Voters Rights Legislation Signed into New York Law
On June 20, the third day of early primary voting in New York, voters have new assurances that rules won’t be changed to keep them away from the polls.
Legislation was signed by Governor Kathy Hochul (D-Buffalo) requiring counties with a record of suppressing minority voters’ rights to seek state approval before changing any voting rules.
The John R. Lewis Voting Rights Act restores many of the provision of the Federal Voting Rights Act of 1965 that was derailed by a Supreme Court Ruling in 2013. At that time, the high court said there was no longer a need for federal oversight to make sure counties and states with a history of putting provisions in place to make it hard for Blacks and other persons of color to access the polls and participate in the process could not change voting rules to block access.

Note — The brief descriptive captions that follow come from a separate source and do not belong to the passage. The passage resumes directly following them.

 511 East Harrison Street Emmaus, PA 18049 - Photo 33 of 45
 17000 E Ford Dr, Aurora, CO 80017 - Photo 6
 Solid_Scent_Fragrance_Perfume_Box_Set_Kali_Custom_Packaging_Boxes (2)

While there is still no movement to restore voters rights legislation on the federal level, New York’s law, named after the late Georgia Congressman and Civil Rights activist, John Lewis, prohibits election-related laws that eliminate the voting strength of a protected class, voter intimidation or obstruction and expands language assistance for voters whose primary language is not English.
The "Preclearance" provision establishes a state analogue to the now dormant federal Voting Rights Act requiring covered jurisdictions to "preclear" any changes to certain important election-related laws and policies before they can implement them to make sure they are not violating the voting rights of a protected class.

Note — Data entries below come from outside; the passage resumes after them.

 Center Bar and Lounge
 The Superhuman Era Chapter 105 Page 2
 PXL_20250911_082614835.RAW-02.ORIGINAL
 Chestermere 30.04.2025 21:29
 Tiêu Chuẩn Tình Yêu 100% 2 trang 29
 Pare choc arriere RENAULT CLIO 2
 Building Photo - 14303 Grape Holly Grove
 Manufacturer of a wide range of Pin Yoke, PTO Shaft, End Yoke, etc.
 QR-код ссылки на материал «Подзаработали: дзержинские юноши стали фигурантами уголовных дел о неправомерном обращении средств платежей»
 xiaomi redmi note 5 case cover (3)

LatinoJustice PRLDEF Associate Counsel Fulvia Vargas-De Leon said,
"Signing the John R. Lewis Voting Rights Act of New York into law places our state at the forefront of protecting communities of color from discriminatory actions that limit equal participation in our democracy. This right should not be controversial or political. Our fight for full and equitable access to the ballot is far from over, but this law gives us a strong tool to come one step closer to a democracy representative and inclusive of all voters."